#### [Problem description]
Go to the line containing "Huggies Size 5" in the records below and print it and every following line exactly, on through the line containing "WATERFORD 1968 Wash, Italian Dream™ Light Denim 7", then stop.

#### [Data for processing]

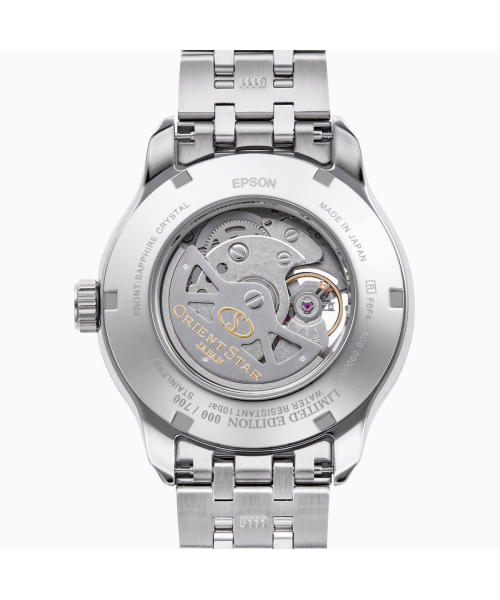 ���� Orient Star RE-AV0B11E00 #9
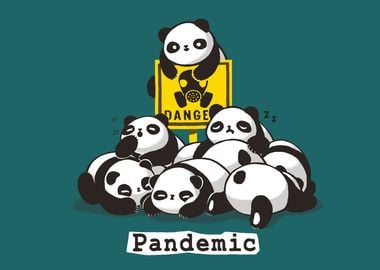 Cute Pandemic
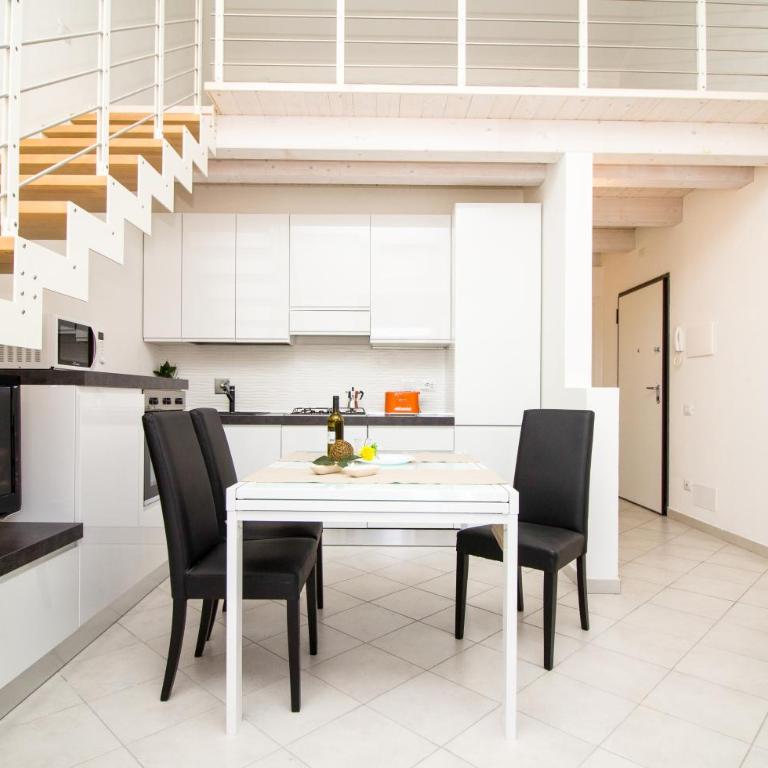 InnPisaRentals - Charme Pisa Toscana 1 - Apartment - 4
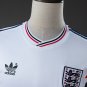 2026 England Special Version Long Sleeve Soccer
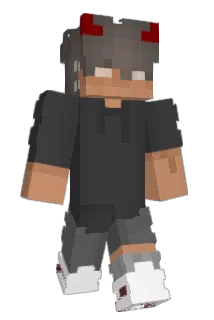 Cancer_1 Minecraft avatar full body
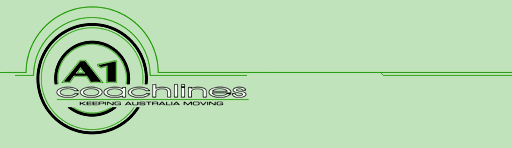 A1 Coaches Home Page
==
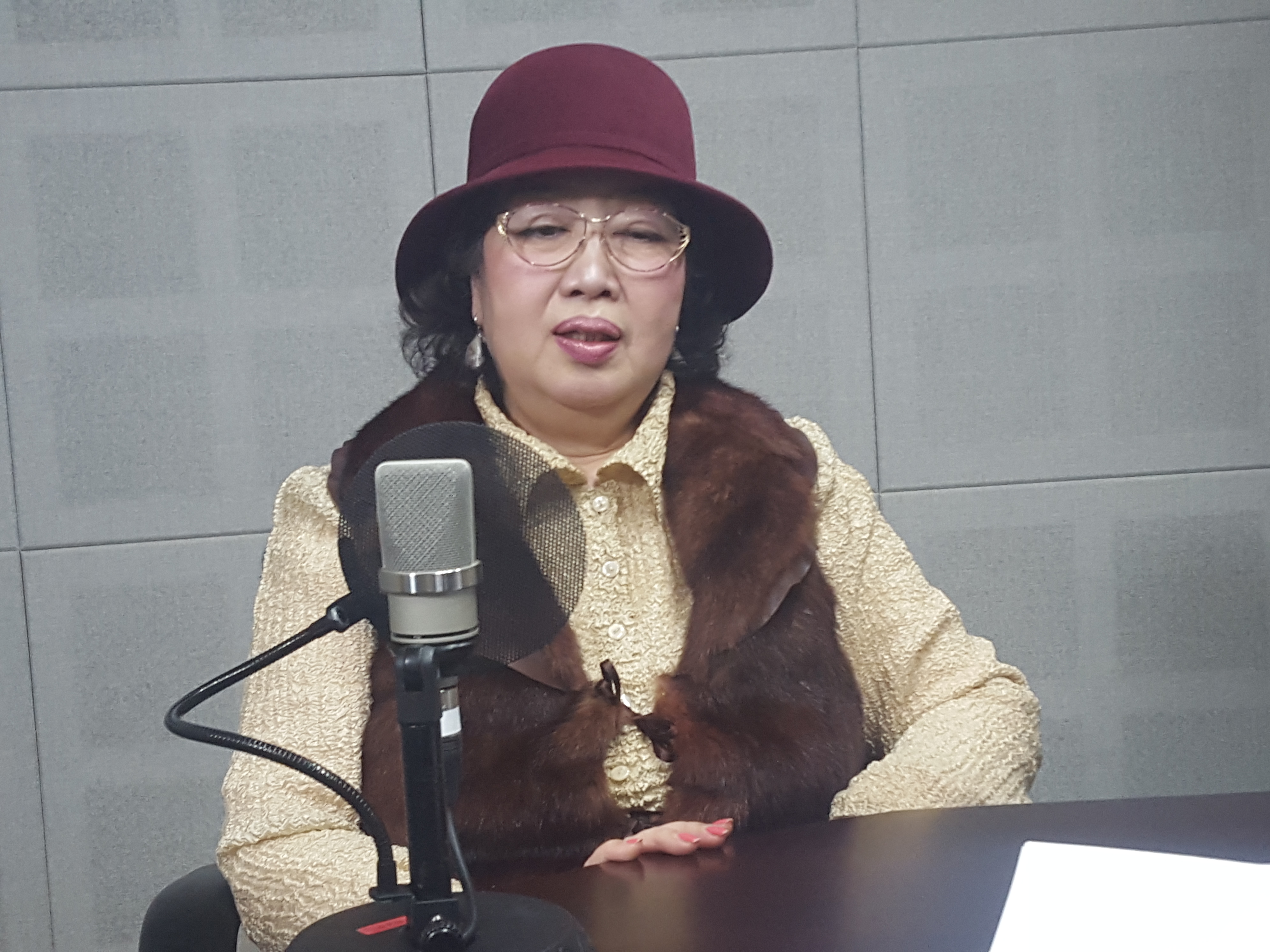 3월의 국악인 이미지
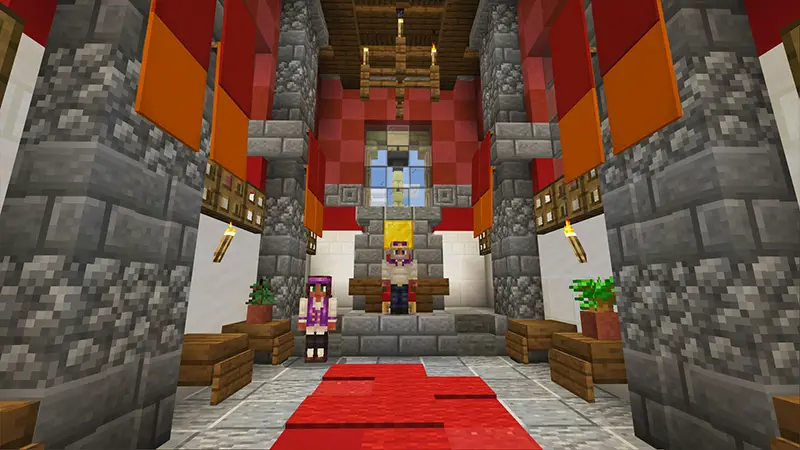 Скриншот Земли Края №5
---
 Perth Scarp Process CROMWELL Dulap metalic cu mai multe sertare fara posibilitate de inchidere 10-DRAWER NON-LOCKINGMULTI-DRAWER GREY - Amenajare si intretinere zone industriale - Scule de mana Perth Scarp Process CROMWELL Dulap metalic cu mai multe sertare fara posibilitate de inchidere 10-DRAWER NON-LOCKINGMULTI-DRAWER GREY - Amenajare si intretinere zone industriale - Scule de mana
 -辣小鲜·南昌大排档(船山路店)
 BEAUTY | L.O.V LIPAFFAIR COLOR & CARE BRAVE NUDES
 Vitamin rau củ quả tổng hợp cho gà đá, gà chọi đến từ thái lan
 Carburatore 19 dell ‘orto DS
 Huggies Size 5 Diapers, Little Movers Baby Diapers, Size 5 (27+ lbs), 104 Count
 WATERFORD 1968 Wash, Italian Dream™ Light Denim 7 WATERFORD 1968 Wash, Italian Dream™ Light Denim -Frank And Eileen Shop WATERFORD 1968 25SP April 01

#### [Exercise response]
 Huggies Size 5 Diapers, Little Movers Baby Diapers, Size 5 (27+ lbs), 104 Count
 WATERFORD 1968 Wash, Italian Dream™ Light Denim 7 WATERFORD 1968 Wash, Italian Dream™ Light Denim -Frank And Eileen Shop WATERFORD 1968 25SP April 01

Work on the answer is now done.